## Exercise goal
Output the data below exactly, images excluded.

## Dataset excerpt
* * * * * * *

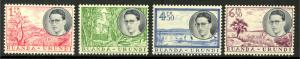 RUANDA-URUNDI 1955 KING BAUDOUIN Pictorial Set Sc 133-136 MNH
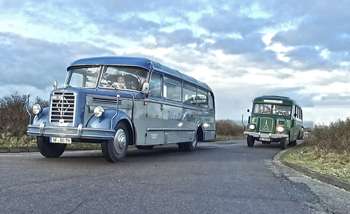 Historische Busse auf Sylt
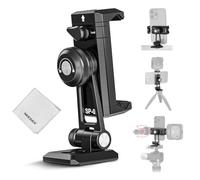 NEEWER SP-02 Adaptateur de trépied pour téléphone avec Plaque de dégagement Rapide de Type Arca - Rotation à 360° - Chiffon de Nettoyage inclinable à 180° - Support Pliable Compatible avec iPhone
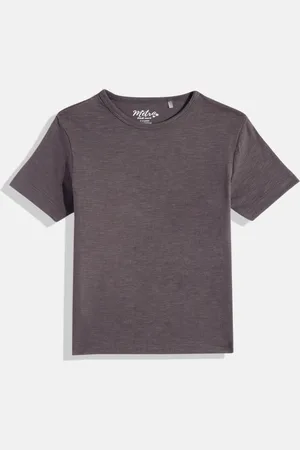 METRO KIDS COMPANY Boys Solid T-shirt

* * * * * * *

## Answer space
 RUANDA-URUNDI 1955 KING BAUDOUIN Pictorial Set Sc 133-136 MNH
 Historische Busse auf Sylt
 NEEWER SP-02 Adaptateur de trépied pour téléphone avec Plaque de dégagement Rapide de Type Arca - Rotation à 360° - Chiffon de Nettoyage inclinable à 180° - Support Pliable Compatible avec iPhone
 METRO KIDS COMPANY Boys Solid T-shirt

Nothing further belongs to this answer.